WHAT IS NEEDED: The records below must be transcribed exactly, with each picture left out.

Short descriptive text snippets
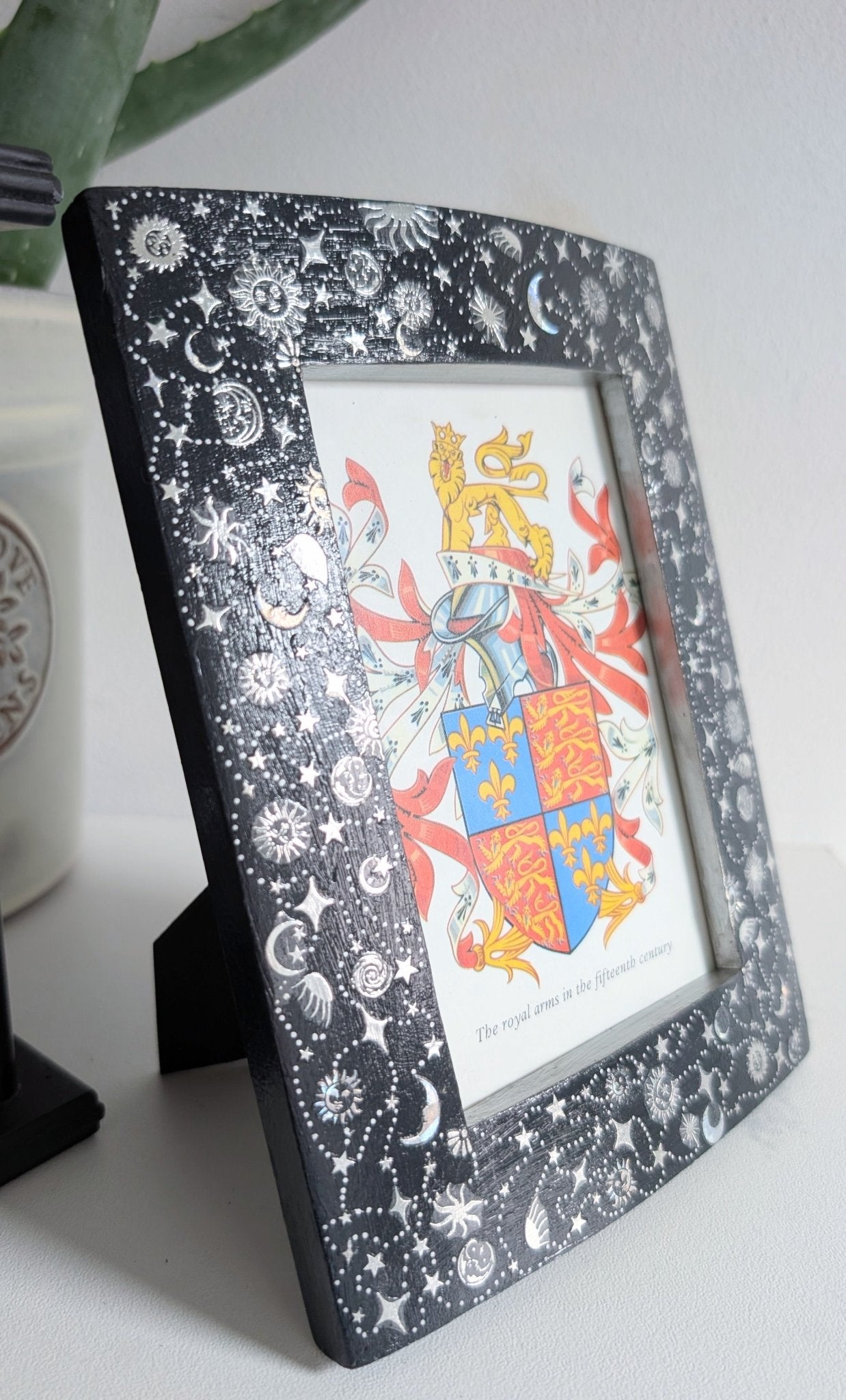 6 x 4" Wooden Picture Frame Wall Hanging and Freestanding Dark Blue and Silver Celestial Home Decor Gift - Oh My Gothness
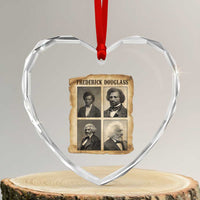 The Life Of Frederick Douglass Heart Crystal Glass Ornament Historical Black History - Wonder Print Shop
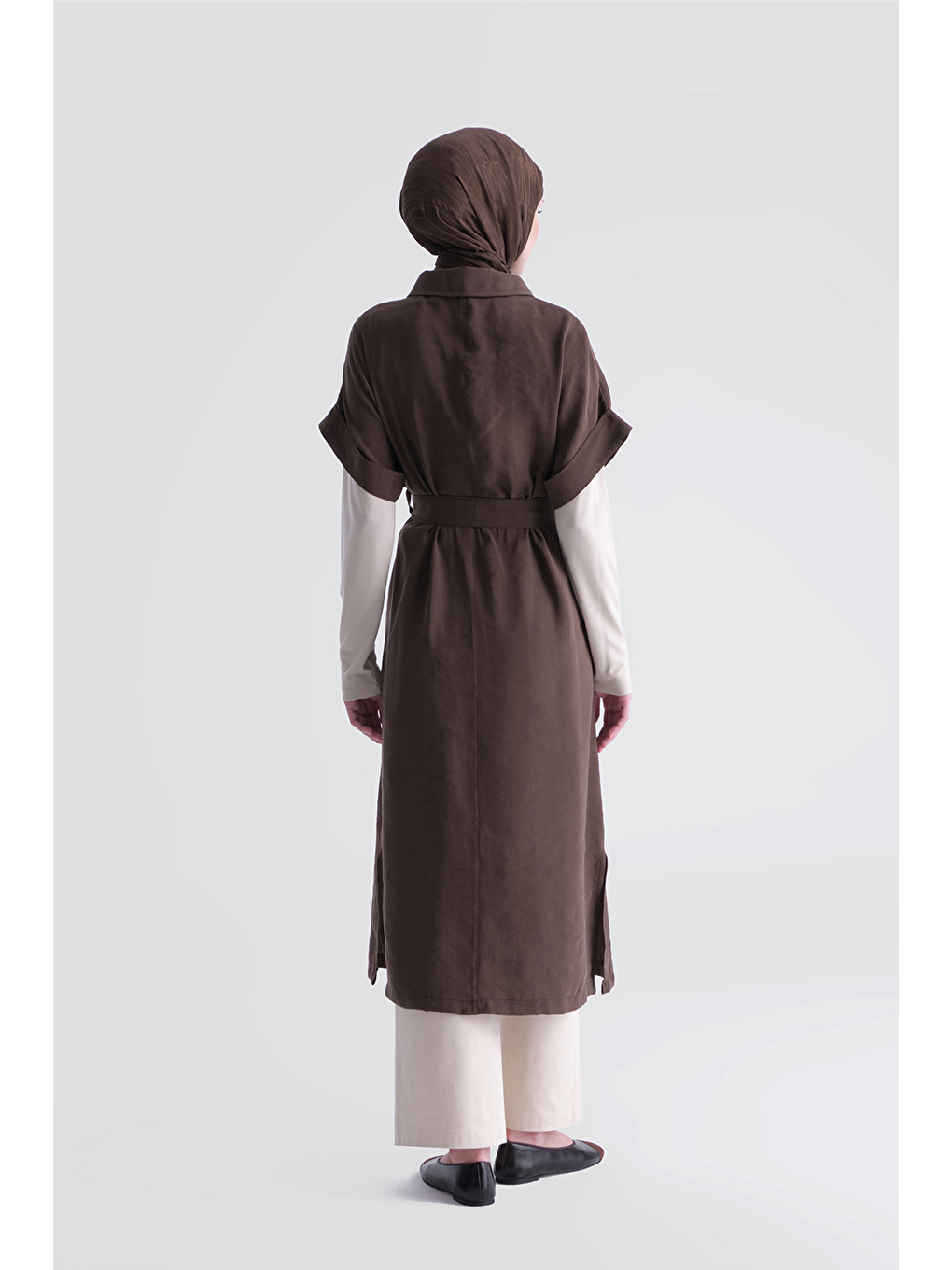 Kemerli Tunik Elbise Kahverengi-4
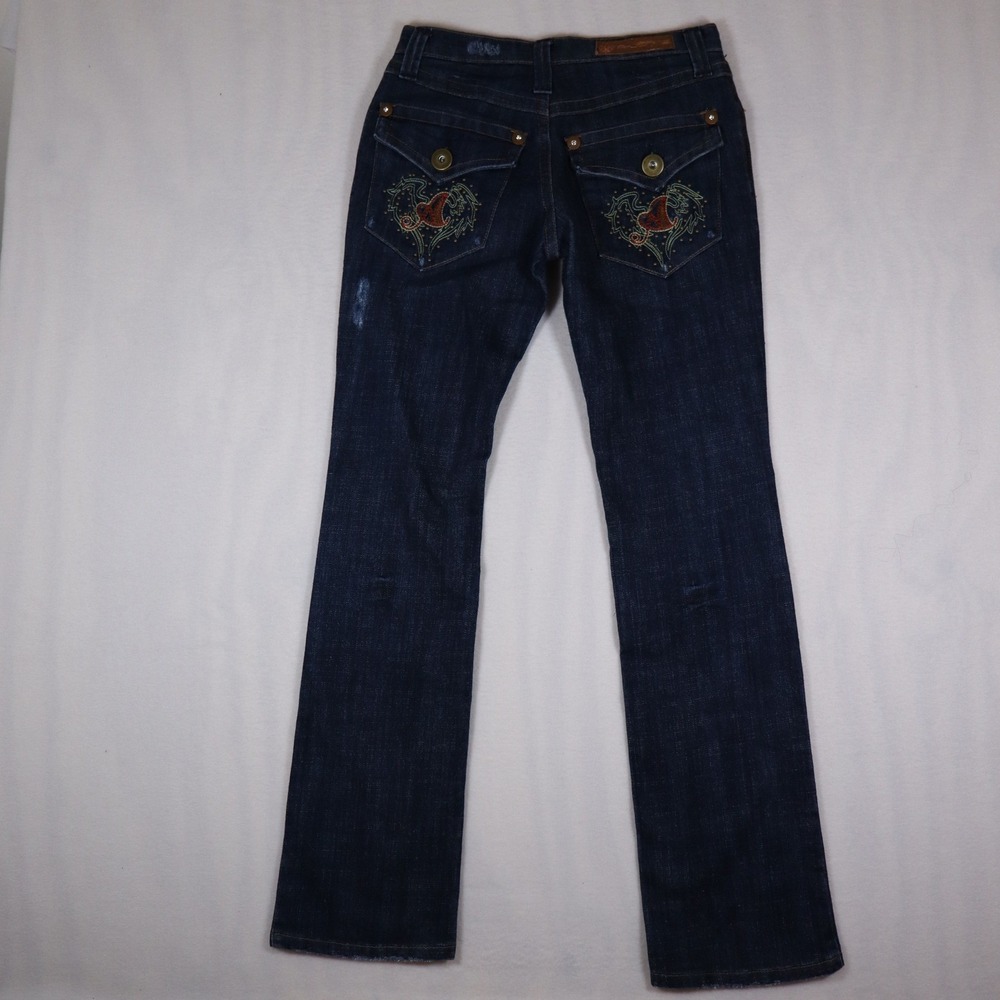 A Jeans Low Rise Flare Jeans Women's 5 Dark Wash Y2K Grunge Skater Alt Emo Punk - Picture 5 of 8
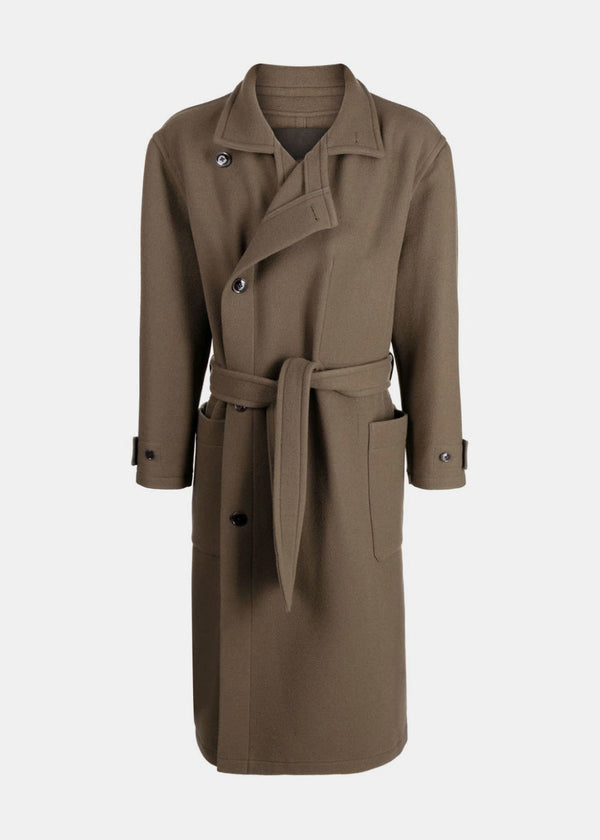 LEMAIRE Brown Wrap Coat - NOBLEMARS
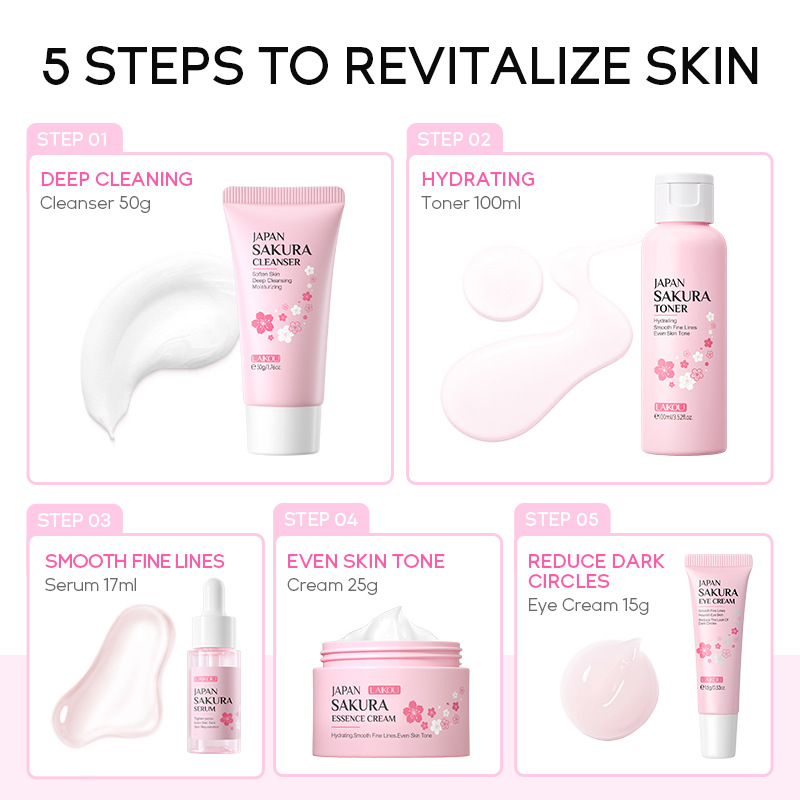 LAIKOU Sakura 5pcs Skin Care K - огляд і ціна Essence Serum Toner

TASK SOLUTION:
 6 x 4" Wooden Picture Frame Wall Hanging and Freestanding Dark Blue and Silver Celestial Home Decor Gift - Oh My Gothness
 The Life Of Frederick Douglass Heart Crystal Glass Ornament Historical Black History - Wonder Print Shop
 Kemerli Tunik Elbise Kahverengi-4
 A Jeans Low Rise Flare Jeans Women's 5 Dark Wash Y2K Grunge Skater Alt Emo Punk - Picture 5 of 8
 LEMAIRE Brown Wrap Coat - NOBLEMARS
 LAIKOU Sakura 5pcs Skin Care K - огляд і ціна Essence Serum Toner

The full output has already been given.